70 Regular expressions

Written by Shirley Deng and last updated on 7 October 2021.

To use the stringr package, we can describe patterns in strings using regular expressions, or regex. This section will outline a variety of regex examples :^)

For the examples below, we have a grocery list stored as the vector groceries.

groceries <- c("Bananas", "strawberries", "Sliced bread", 
               "2 lb ground beef", "blueberries", "frozen raspberry", 
               "red color plums", "frozen Mixed-Berries", "yellow colour plums")

70.1 Starting with the basics

Say we’re interested in seeing how many different types of berries are on our list.

We can match exact strings by simply using them as the pattern argument in our chosen stringr function. Here, we are using stringr::str_subset()

str_subset(groceries, "berries")
#> [1] "strawberries" "blueberries"

70.2 Wrapping our package

When we use a plain string for the pattern argument, R reads it by wrapping it in the regex() function.

str_subset(groceries, regex("berries"))
#> [1] "strawberries" "blueberries"

Notice that whether we use stringr::str_subset() with "berries" or regex("berries") as our pattern argument, the results are the same.

70.3 Insensitive about cases

Notice that in the above examples, str_subset() was case sensitive and did not return the "Mixed Berries" item in our groceries list.

However, if we include the argument ignore_case=T in regex(), it will.

str_subset(groceries, regex("Berries", ignore_case=T))
#> [1] "strawberries"         "blueberries"         
#> [3] "frozen Mixed-Berries"

Note: if we want to use options other than the default for regex(), we have to explicitly wrap our pattern criteria in the regex() function.

70.4 Period.

Notice that the item "frozen raspberry" is a berry, but was not returned in the earlier examples because we were only searching for the plural spelling "berries".

The period . is used to match any character except the newline \n, so we can use the common part "berr" to include "frozen raspberry".

str_subset(groceries, ".berr.")
#> [1] "strawberries"     "blueberries"      "frozen raspberry"

However, if we did want to include the newline \n, then we can explicitly state this in the regex() arguments as well using dotall=T. Here, we use the stringr function str_detect():

str_detect("\nGroceries\n", ".G.")
#> [1] FALSE
str_detect("\nGroceries\n", regex(".G.", dotall=T))
#> [1] TRUE

70.5 From start to finish

Alternatively, we can also search for strings that start or end with a certain pattern by using anchors.
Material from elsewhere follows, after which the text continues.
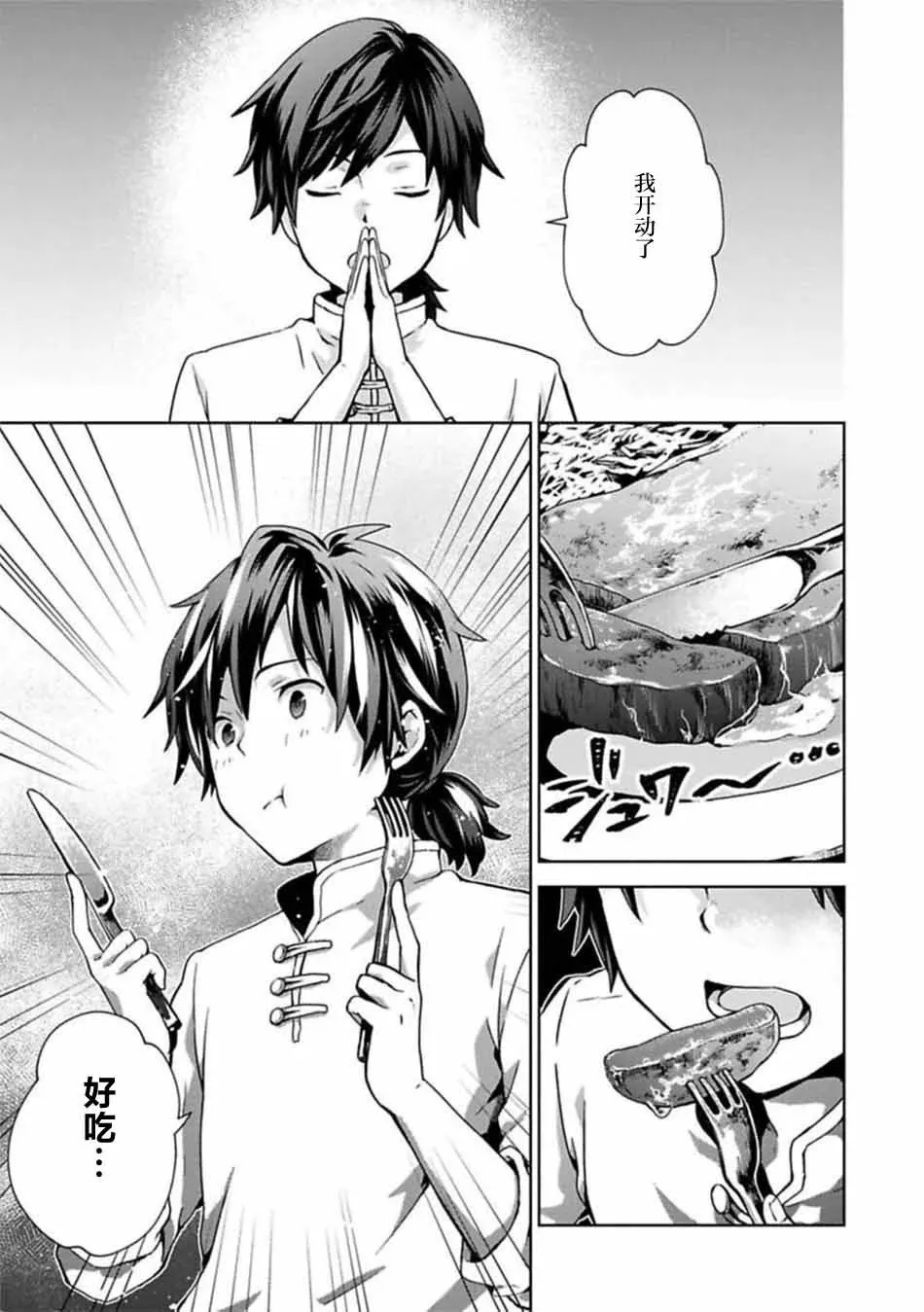 第93页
For example, if we wanted all frozen items in groceries, we can use the caret ^ to indicate the start of a string and search for items beginning with “frozen”:

str_subset(groceries, "^frozen")
#> [1] "frozen raspberry"     "frozen Mixed-Berries"

Or if we wanted all varieties of plums in groceries, we can use the dollar sign $ to indicate the end of a string and search for all items ending with “plums”:

str_subset(groceries, "plums$")
#> [1] "red color plums"     "yellow colour plums"

Some additional anchors are as follows:

Syntax Use
^ start of the string
$ end of the string
\\b empty string at either edge of a word
\\B not the edge of a word
\\< beginning of a word
\\> end of a word

70.6 Or how about…

Or how about we try explicitly searching for all of "berries", "Berries", and "berry"? We can do so with the alternation operator, |, which means “or.”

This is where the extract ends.